While the books have started emerging, marketing them still remains a difficult proposition. “School libraries are only interested in buying textbooks, dictionaries and encyclopaedias,” says Sherpa. “In department stores, children’s books are at the back or hidden in a corner. Outside Kathmandu valley, the geography is so diverse that it is difficult to create a distribution network.” Nevertheless they have found a way to reach out to the kids. In Kathmandu, they keep their books in bookstores and even some department stores; while outside Kathmandu valley, they go through distributors, school libraries and development agencies.
Sunbird started out with two illustrated books in 1998 – ‘Don’t Do As I Do’, written and illustrated by Joy Stephens, and ‘Who Has Eaten The Maize?’, a collective effort by the entire editorial team. Today, despite the hurdles, they have easy reads for children aged between two and 12; and books for teenagers as well. In all, they have published 20 titles. This year, Sunbird gained a major feather in its cap when it became the official publisher of the first Harry Potter novel in Nepali. ‘Harry Potter r Parasmani’, or ‘Harry Potter and the Philosopher’s Stone’, was launched in May as the consequence of a letter in a local daily. A teen had written to the ‘Kathmandu Post’, wistfully hoping that one day Nepal would have the boy wizard’s exploits translated in the local language so that he and others like him could enjoy what children the world over were reading.
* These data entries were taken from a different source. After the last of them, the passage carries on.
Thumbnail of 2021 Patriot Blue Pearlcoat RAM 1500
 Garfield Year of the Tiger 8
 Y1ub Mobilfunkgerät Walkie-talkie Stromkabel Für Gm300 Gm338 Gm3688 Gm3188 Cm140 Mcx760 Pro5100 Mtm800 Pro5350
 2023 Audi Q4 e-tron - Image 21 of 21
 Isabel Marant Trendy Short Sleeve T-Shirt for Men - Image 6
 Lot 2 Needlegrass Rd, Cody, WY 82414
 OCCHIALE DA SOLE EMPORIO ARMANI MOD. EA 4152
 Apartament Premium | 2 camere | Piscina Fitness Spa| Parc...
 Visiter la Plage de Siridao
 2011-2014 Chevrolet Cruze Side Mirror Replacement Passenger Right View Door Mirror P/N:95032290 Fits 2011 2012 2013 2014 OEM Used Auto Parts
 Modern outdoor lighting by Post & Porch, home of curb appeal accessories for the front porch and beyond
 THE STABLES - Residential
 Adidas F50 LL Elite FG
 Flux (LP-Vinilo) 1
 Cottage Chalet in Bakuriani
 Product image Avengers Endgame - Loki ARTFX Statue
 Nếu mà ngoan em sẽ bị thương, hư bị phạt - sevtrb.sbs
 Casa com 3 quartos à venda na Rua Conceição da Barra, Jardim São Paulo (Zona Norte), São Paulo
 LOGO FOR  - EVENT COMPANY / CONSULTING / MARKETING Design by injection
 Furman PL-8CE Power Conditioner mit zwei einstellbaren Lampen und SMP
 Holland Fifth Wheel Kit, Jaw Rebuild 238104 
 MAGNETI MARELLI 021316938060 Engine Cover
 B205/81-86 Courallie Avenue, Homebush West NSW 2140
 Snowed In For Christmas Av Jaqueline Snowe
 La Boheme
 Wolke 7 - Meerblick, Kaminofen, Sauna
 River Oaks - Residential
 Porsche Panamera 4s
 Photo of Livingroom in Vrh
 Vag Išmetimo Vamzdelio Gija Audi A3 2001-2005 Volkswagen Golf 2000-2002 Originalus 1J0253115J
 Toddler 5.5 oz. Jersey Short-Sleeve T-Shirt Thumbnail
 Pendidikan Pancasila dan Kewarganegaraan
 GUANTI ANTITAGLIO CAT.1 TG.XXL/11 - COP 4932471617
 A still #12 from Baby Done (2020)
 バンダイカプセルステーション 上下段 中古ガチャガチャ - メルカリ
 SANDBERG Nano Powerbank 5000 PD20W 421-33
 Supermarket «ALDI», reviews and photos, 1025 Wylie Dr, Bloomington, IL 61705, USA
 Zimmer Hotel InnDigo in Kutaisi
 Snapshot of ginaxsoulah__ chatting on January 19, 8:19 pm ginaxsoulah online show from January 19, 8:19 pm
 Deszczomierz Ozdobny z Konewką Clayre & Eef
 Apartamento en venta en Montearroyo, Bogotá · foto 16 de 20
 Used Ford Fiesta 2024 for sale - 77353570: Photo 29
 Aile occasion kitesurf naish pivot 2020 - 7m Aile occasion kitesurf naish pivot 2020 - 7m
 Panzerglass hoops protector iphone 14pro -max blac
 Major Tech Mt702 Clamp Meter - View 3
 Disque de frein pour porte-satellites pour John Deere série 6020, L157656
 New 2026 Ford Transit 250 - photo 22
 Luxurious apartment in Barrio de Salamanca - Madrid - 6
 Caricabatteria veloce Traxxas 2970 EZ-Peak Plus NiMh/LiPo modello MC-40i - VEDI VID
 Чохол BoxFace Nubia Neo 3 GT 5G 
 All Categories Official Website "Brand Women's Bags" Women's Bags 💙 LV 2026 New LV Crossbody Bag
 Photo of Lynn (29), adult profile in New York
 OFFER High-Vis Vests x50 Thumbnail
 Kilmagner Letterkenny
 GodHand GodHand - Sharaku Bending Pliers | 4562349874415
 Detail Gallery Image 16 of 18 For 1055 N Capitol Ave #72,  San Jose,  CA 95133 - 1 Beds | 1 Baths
This moved de Vries to write to J.K. Rowling, the author of the celebrated series, asking for her permission to translate the first novel. Much to the group’s joy, she agreed. The Sunbird women think that the Harry Potter books will strike a chord with the Nepali village reader because Potter’s adventures are about growing up, the pain of coming from a different background and the ups and downs of life.
This Fabulous Five is certainly doing all they can to fill the yawning gap in Nepal’s children’s literature.